To handle H.264 encoding, Kaveri has an on-die video encoding engine (VCE). So did its APU predecessors, but Kaveri's version has been amped up with new capabilities, including what Macri called significantly improved text rendering and 60GHz wireless docking (that's not a typo).

There's also unified video decoder (UVD) hardware that handles a variety of video codecs: H.264/AVCHD, VC-1/WMV profile D, MPEG-2, MVC, MPEG-4/DIVX. Its predecessor UVD 3 could handle those, as well, but AMD promises that Kaveri's UVD 4 offers "improved error resiliency" for H.264/AVCHD to guard against video freeze-ups.

There's also a new audio coprocessor that AMD dubs TrueAudio, which has multiple digital signal processors, its own on-die storage and DMA agent, and its own programming interface so that developers can tightly control sound quality and direction.

TrueAudio, AMD says, will provide unprecedented audio control to game developers (click to enlarge)

Macri emphasized that TrueAudio takes up only a small bit of the Kaveri die. "The big die area is for the CPU and the GPU," he said. "That's left free to do things that only they can do." The TrueAudio accelerator takes only a comparatively tiny slice of real estate, but it frees up the "maximum amount of compute area for all the good stuff."

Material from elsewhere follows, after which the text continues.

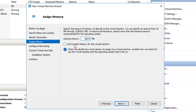Be very careful when you choose dynamic memory. If you choose this before you load the operating system, what may happen during installation is — because there's no operating system on the virtual machine — it could use such a small amount of RAM that when you go to install the server operating system it may tell you that you don't have enough RAM. You can always go back and change this setting after you install the operating system.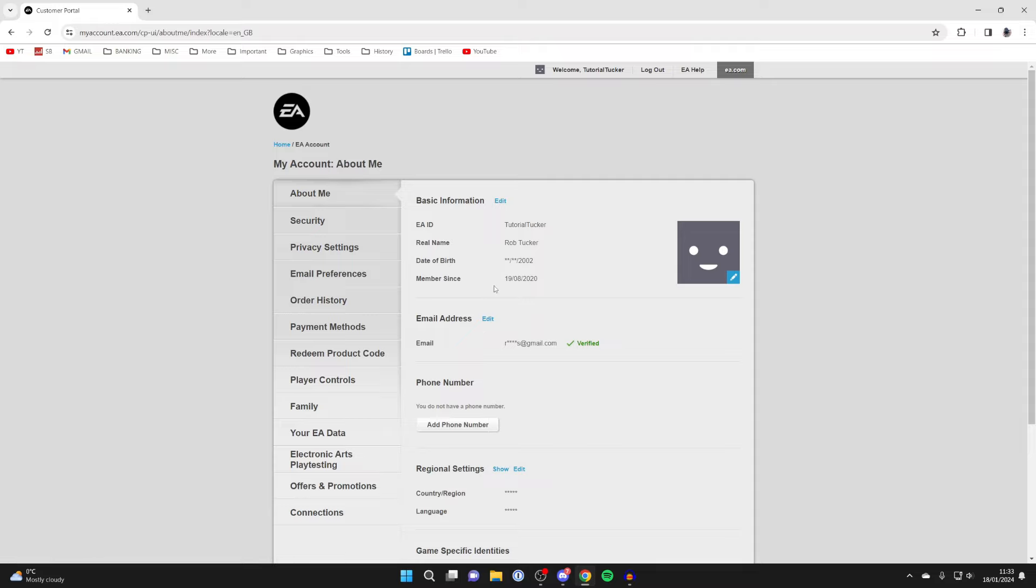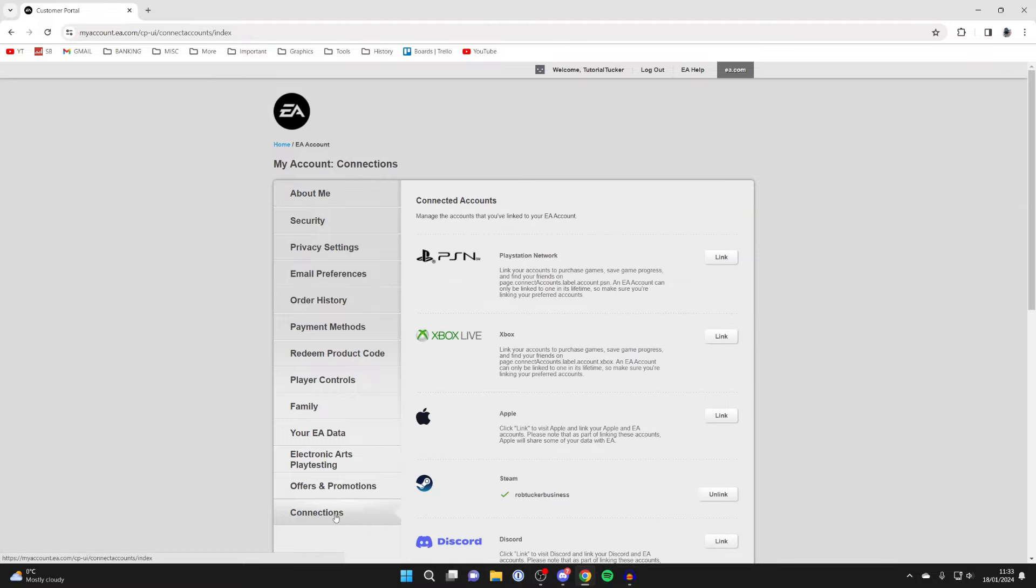It'll take a moment to load, and then what you need to do is go over to the left and go all the way down to connections just down here.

Work on all of Kaveri's goodies – HSA, hUMA, hQ, CPU, GPU, accelerators – Macri said, started about four years ago, and has resulted in new cores, new compute architecture, new power management, new CPU/GPU balanced process, and new accelerators. "We had to predict the future," he said, speaking to the assembled press at the briefing, "and you guys are going to tell us, did we predict right."

Well, no, we're not. As much as we press folks like to think that we have the power to influence the market to a great degree, we have to disagree with Macri on this point.

It's you, Reg reader, and your compatriots in the marketplace who are going to decide whether AMD and its new Kaveri processor correctly judged the needs of the next generation of computing, not the tech press.

We look forward to learning your verdict, which will decide whether Kaveri warrants the catchphrase of AMD's briefing: "Welcome to the Revolution." ®

* You can find a crash course in silicon gate saturation current and related electronic engineering here [PDF].